→ The data

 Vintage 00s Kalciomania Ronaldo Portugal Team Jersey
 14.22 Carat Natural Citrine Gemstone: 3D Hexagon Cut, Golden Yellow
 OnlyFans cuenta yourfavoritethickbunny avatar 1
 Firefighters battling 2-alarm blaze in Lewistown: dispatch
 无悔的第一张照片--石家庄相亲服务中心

...

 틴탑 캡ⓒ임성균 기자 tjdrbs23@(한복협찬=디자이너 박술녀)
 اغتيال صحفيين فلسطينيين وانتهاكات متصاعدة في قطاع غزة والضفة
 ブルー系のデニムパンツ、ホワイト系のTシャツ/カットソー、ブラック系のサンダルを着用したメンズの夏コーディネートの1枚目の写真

==

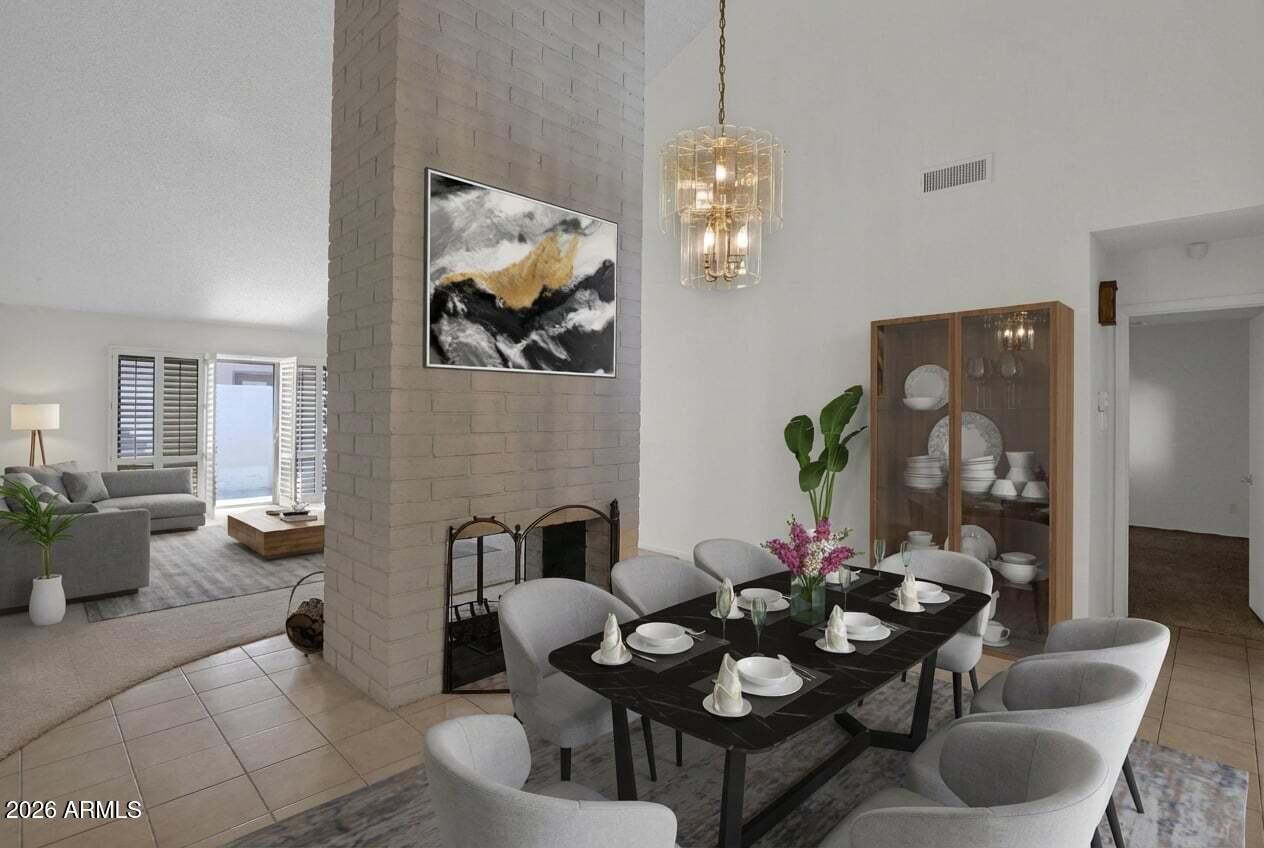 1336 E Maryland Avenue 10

→ Task to carry out
Scan the listing above for the line that has "Vintage 00s Kalciomania", then copy exactly from that line through the line that has "无悔的第一张照片--石家庄相亲服务中心".

→ Written solution
 Vintage 00s Kalciomania Ronaldo Portugal Team Jersey
 14.22 Carat Natural Citrine Gemstone: 3D Hexagon Cut, Golden Yellow
 OnlyFans cuenta yourfavoritethickbunny avatar 1
 Firefighters battling 2-alarm blaze in Lewistown: dispatch
 无悔的第一张照片--石家庄相亲服务中心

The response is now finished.